(Extracted data entries)
= Beginning of Section =
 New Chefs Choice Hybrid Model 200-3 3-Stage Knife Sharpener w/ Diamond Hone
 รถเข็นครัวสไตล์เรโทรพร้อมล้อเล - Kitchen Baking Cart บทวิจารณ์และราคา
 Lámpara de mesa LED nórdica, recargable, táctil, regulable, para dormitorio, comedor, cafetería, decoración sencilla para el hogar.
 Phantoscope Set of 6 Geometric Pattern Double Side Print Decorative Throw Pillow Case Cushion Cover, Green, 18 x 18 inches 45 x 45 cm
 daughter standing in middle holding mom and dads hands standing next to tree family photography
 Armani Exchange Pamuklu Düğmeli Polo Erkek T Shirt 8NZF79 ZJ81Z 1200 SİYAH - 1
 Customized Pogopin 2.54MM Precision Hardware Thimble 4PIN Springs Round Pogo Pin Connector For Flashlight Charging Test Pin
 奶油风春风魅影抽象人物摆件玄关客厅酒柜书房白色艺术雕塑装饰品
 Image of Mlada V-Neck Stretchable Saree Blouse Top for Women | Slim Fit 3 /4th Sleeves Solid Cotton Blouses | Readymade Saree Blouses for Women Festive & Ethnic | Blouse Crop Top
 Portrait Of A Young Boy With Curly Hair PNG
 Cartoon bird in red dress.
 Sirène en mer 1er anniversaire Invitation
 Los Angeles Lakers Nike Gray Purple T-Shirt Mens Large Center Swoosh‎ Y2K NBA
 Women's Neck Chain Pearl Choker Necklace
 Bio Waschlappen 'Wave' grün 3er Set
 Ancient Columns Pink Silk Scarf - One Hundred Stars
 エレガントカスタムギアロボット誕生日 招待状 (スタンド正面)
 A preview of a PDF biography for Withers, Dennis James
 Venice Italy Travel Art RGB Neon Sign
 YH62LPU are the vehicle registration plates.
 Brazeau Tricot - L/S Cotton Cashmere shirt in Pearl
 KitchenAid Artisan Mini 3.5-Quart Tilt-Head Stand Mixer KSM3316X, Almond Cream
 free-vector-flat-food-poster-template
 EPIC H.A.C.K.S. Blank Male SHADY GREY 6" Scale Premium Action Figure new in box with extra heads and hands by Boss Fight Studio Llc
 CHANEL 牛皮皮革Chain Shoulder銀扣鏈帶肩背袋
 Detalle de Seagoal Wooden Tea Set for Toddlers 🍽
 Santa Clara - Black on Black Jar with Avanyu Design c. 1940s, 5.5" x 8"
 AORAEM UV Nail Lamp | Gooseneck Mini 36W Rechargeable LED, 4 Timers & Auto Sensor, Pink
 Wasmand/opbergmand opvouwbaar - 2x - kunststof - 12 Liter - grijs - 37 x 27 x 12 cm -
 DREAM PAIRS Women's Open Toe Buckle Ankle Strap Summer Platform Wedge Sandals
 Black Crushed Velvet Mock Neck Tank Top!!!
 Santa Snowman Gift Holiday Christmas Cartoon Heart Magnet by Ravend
= End of Section =
### Problem
Gather all lines with the string "hands" from the data.

### Solution to this task
 daughter standing in middle holding mom and dads hands standing next to tree family photography
 EPIC H.A.C.K.S. Blank Male SHADY GREY 6" Scale Premium Action Figure new in box with extra heads and hands by Boss Fight Studio Llc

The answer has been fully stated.